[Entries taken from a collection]
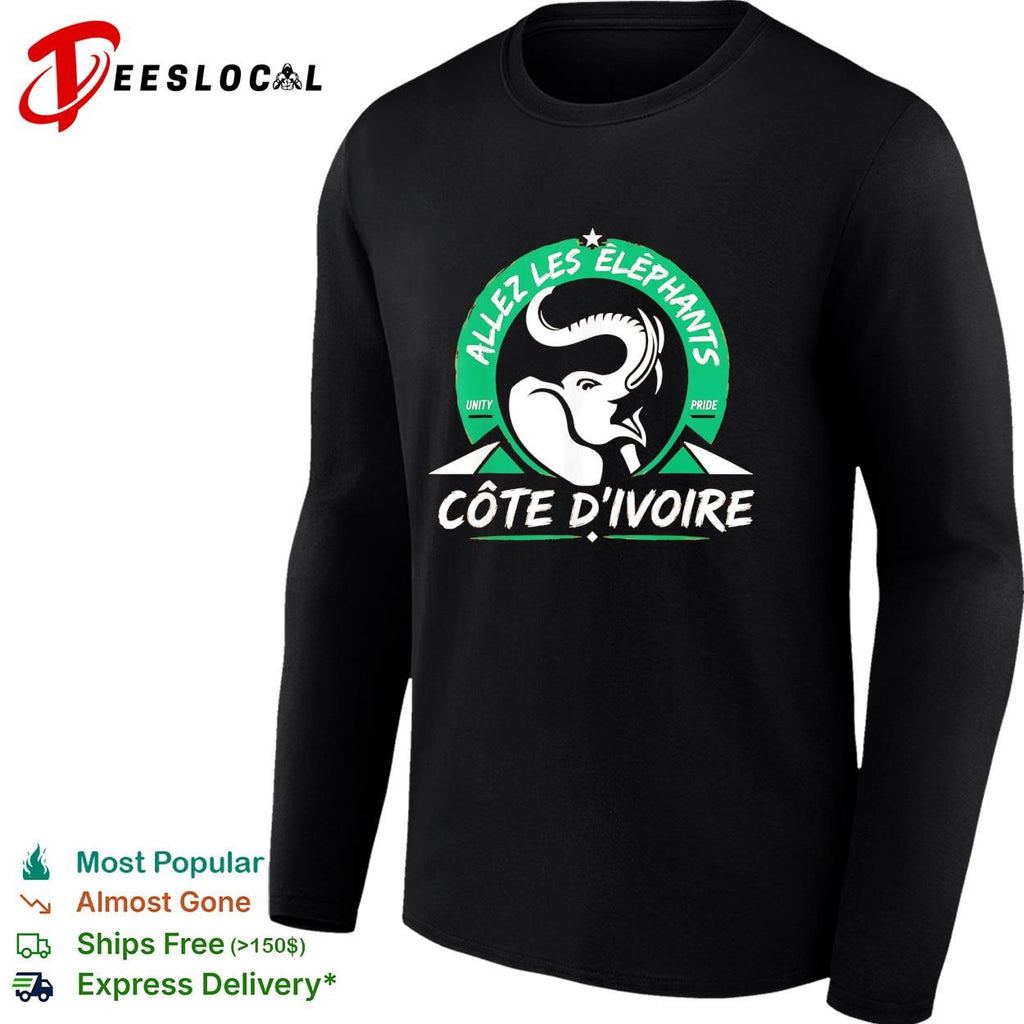 Allez les Elephants Cote d’Ivoire elephant crest badge shirt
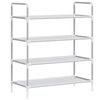 vidaXL Shoe Rack with 4 Shelves Metal and Non-woven Fabric Silver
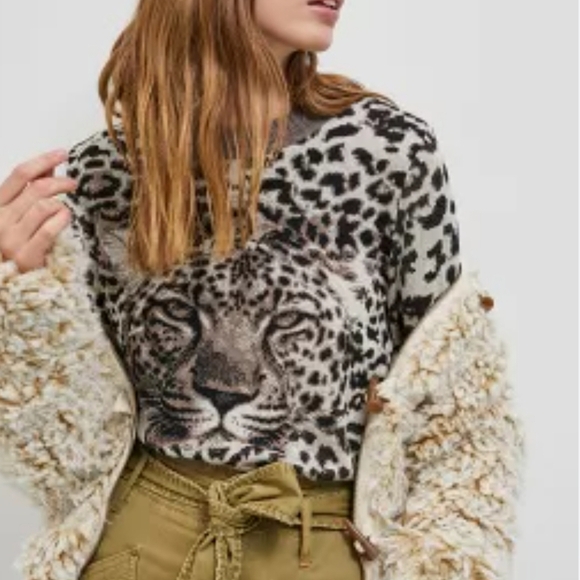 Anthropologie, New, Aldomartins Safa Leopard Neutral Sweater, Size Small - Picture 3 of 12
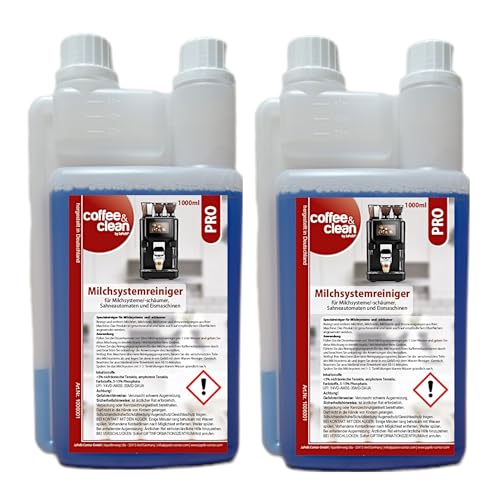 JaPeBi 2x 1 Liter Milchschaumreiniger Milchsystemreiniger Coffee&Clean für Kaffeevollautomaten, Milchschäumer, Sahneautomaten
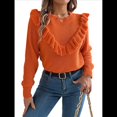thumbnail image 1 of Suéter de Punto A Rayas para Mujer, Cuello Redondo, Larga, Holgado, para Otoño e Invierno Color Naranja S, 1 of 10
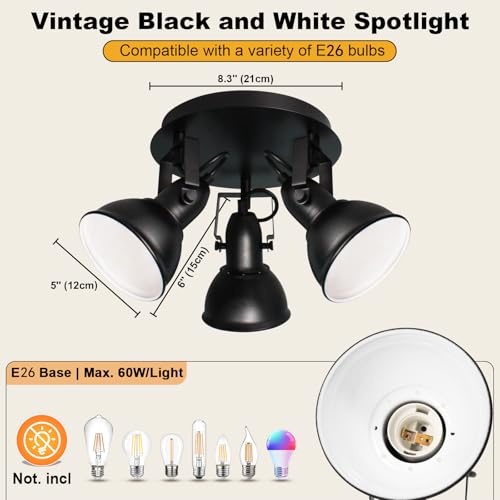 Image of HiBay Ceiling Light Fixtures, 3-Lights Adjustable LED Spotlight Black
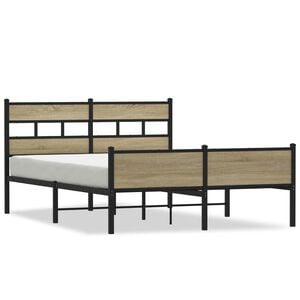 vidaXL Bed Frame without Mattress Sonoma Oak 137x190 cm Engineered Wood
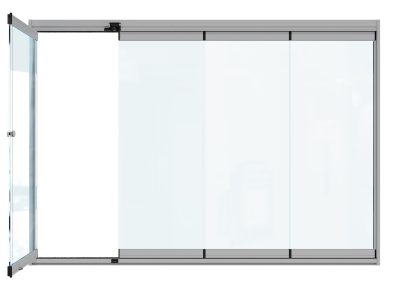 Illustration of a frameless glass bifolding doors first panel open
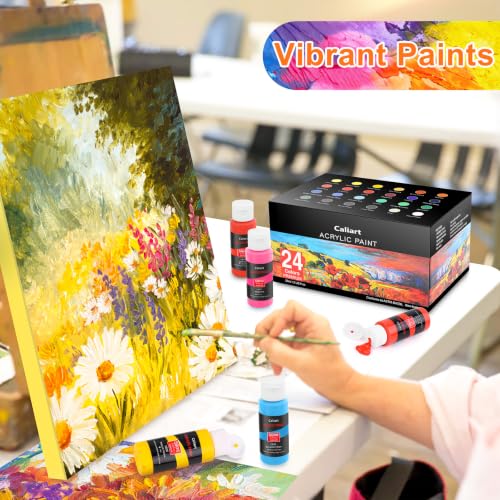 24 Colors Acrylic Paint Set with 12 Brushes (48 Fl Oz)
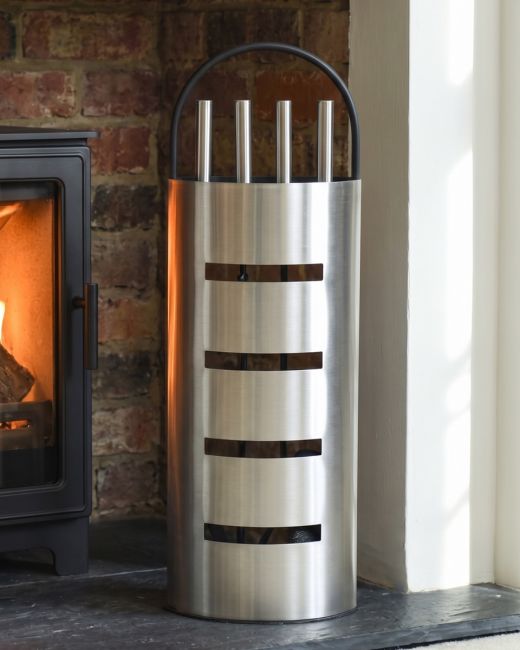Contemporary Brushed Steel Companion Set - 66cm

AIM OF THE TASK -
You are asked to reproduce each line above exactly, but to exclude the pictures.

EXERCISE ANSWER -
 Allez les Elephants Cote d’Ivoire elephant crest badge shirt
 vidaXL Shoe Rack with 4 Shelves Metal and Non-woven Fabric Silver
 Anthropologie, New, Aldomartins Safa Leopard Neutral Sweater, Size Small - Picture 3 of 12
 JaPeBi 2x 1 Liter Milchschaumreiniger Milchsystemreiniger Coffee&Clean für Kaffeevollautomaten, Milchschäumer, Sahneautomaten
thumbnail image 1 of Suéter de Punto A Rayas para Mujer, Cuello Redondo, Larga, Holgado, para Otoño e Invierno Color Naranja S, 1 of 10
 Image of HiBay Ceiling Light Fixtures, 3-Lights Adjustable LED Spotlight Black
 vidaXL Bed Frame without Mattress Sonoma Oak 137x190 cm Engineered Wood
 Illustration of a frameless glass bifolding doors first panel open
 24 Colors Acrylic Paint Set with 12 Brushes (48 Fl Oz)
Contemporary Brushed Steel Companion Set - 66cm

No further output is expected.